It has been recognized that emission control for heavy diesel trucks should be given priority, as a massive amount of pollutants (e.g., NO_x) are emitted from heavy diesel trucks. Although pollutants can be filtered to a considerable extent by after-treatment devices equipment, emissions can still exceed the designated standards when after-treatment devices function improperly. To timely identify excessive emissions, we propose a general and systematic framework, including a data quality assessment and a data repairing and excessive emission determination process, based on the data sensed from the on-board diagnostics (OBD) monitoring system. To overcome the adverse effects of poor data quality, a set of approaches have been developed for the different statuses of data quality. When all variables contain missing or abnormal values, data repairing algorithms can be employed to improve data quality. Two strategies have been developed for the situation where only the NO_x data is problematic. One is to improve data quality by using the other variables before identifying excessive emissions, and the other is to directly predict whether the emissions exceed recommendations by using other variables without the data quality problem. To reduce the impact of noise and extreme values, three methods based on the moving average principle have been developed to generate an aggregated emission level for the determination of excessive emissions. In the experimental study, we employed a number of machine learning algorithms to achieve data repairing and prediction. The support vector machine (SVM) algorithm slightly outperforms the random forests (RF) and gradient boosting decision tree (GBDT) in the prediction of the excessive emission possibility in terms of prediction accuracy. The experimental results indicate that the most accurate data repairing can be achieved by probabilistic principal component analysis (PPCA), as compared to non-negative matrix factorization (NNMF) and k-nearest neighbor (KNN). However, the proposed approach does not restrict other algorithms from achieving the functions of data repairing and prediction.

Keywords:

heavy diesel trucks; excessive emission determination; OBD data; data repairing

1. Introduction

Heavy diesel vehicles have become one of the focuses of vehicle emission control in Beijing, which is a key objective in the battle to protect the blue skies of Beijing. It is estimated that heavy diesel vehicles accounted for about 4% of the number of vehicles registered in Beijing. However, its emissions of nitrogen oxide and particulate matter accounted for 50% and 90% of the total emissions of motor vehicles, respectively [1]. However, emissions from vehicles registered in other cities but traveling in Beijing have not been included in this estimation, implying that the actual levels of emission pollution could be even more serious.

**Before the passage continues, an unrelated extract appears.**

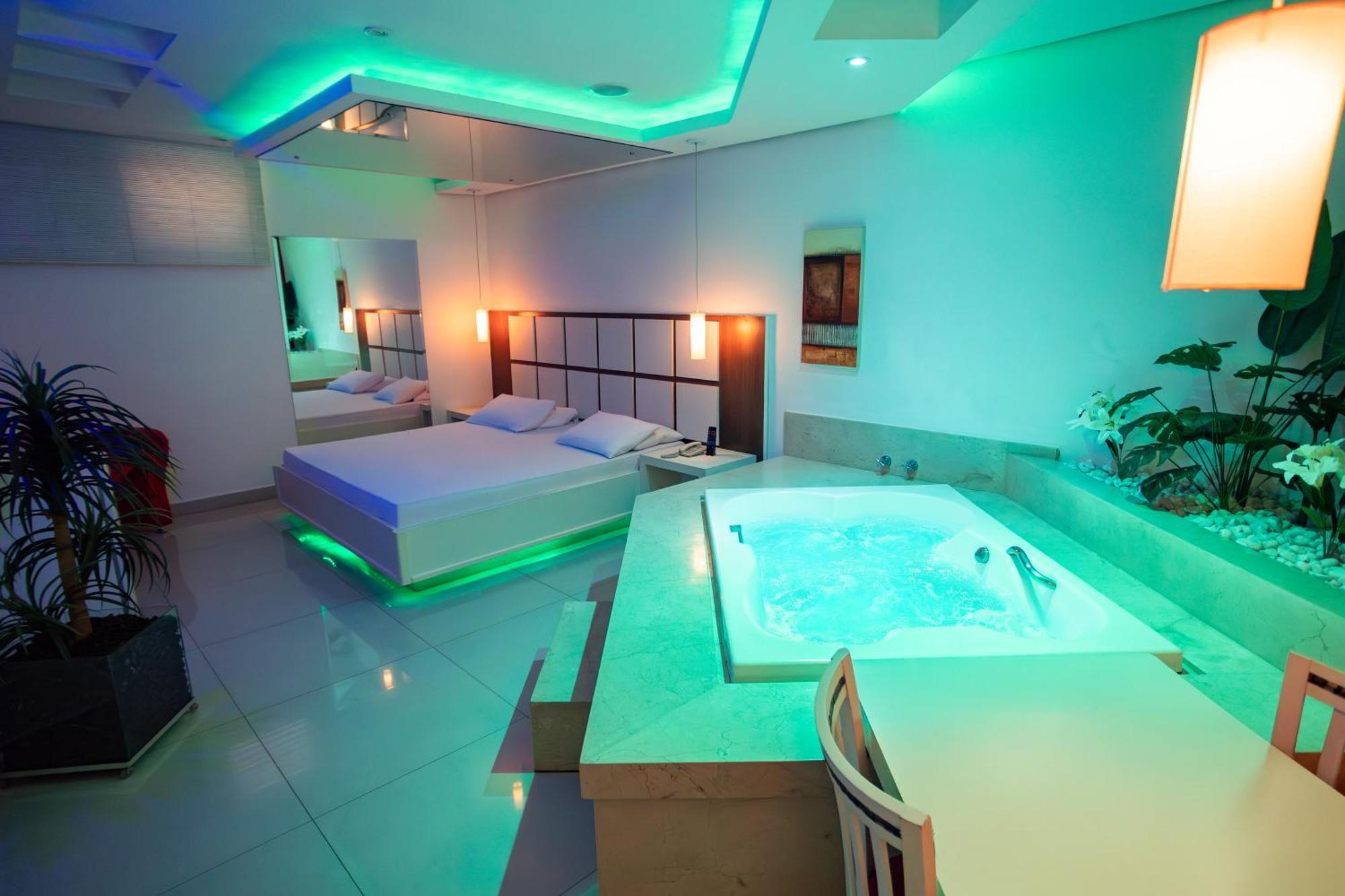 Queen Suite with Spa Bath
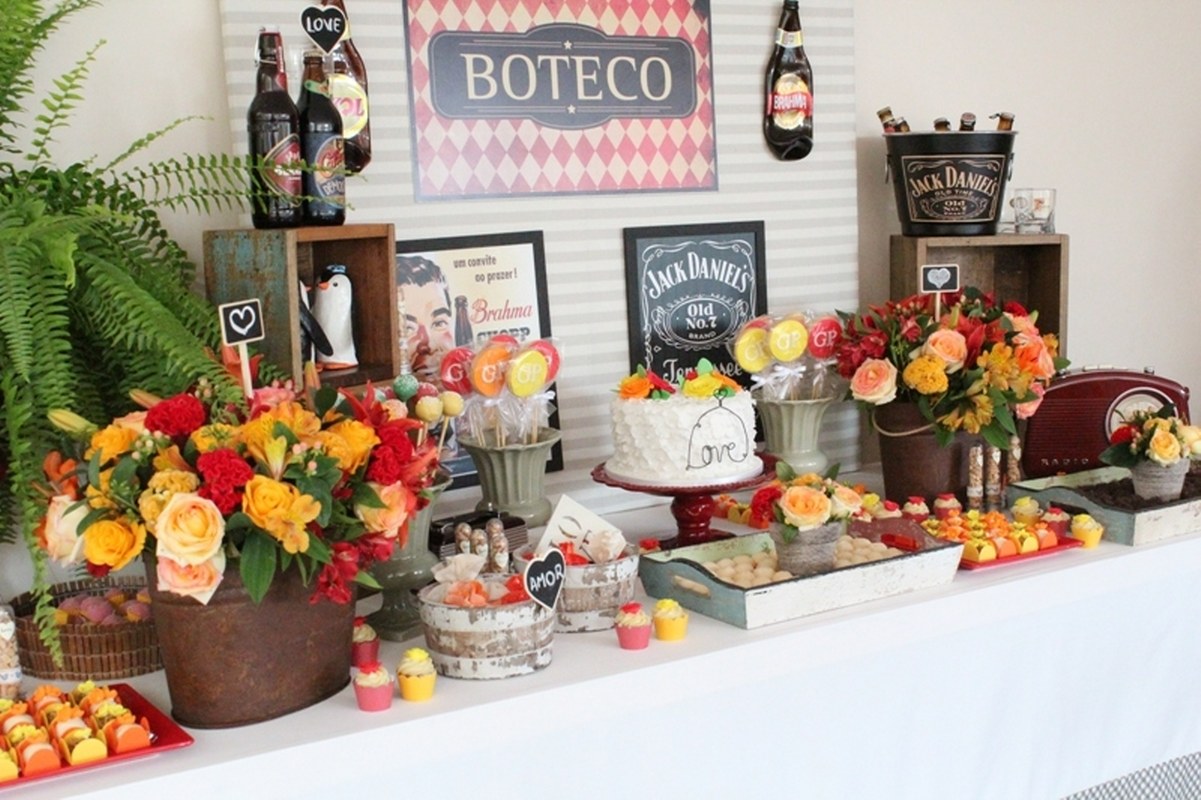 mesa de bolo sertaneja com materiais reciclados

In addition, the National Blue Sky Protection Act has put forward the elimination of 3 million diesel trucks, which are only satisfactory for the China Stage III emission standards or below, and strengthened the monitoring and management of heavy diesel vehicles. With the elimination of vehicles due to the China III limits, the proportion of heavy diesel vehicles, despite China IV’s limits and above, have continuously increased [2]. The OBD system and the emission reduction device, such as selective catalytic reduction (SCR), diesel oxidation catalyst (DOC), diesel particulate filter (DPF), etc., [3,4,5] should be installed in the heavy diesel vehicles outlined by China IV and above, according to the emission regulation requirements. The OBD system has recently been deployed in a number of vehicles to monitor the emissions in a real-time fashion, as the OBD system is normally equipped with a set of hardwares, such as an electronic control unit (ECU), a fault indicator, and various sensors (e.g., throttle position, fuel injection system, speed, coolant temperature, oxygen sensor, etc.) [6,7,8], and softwares, including troubleshooting codes and calibration-related files.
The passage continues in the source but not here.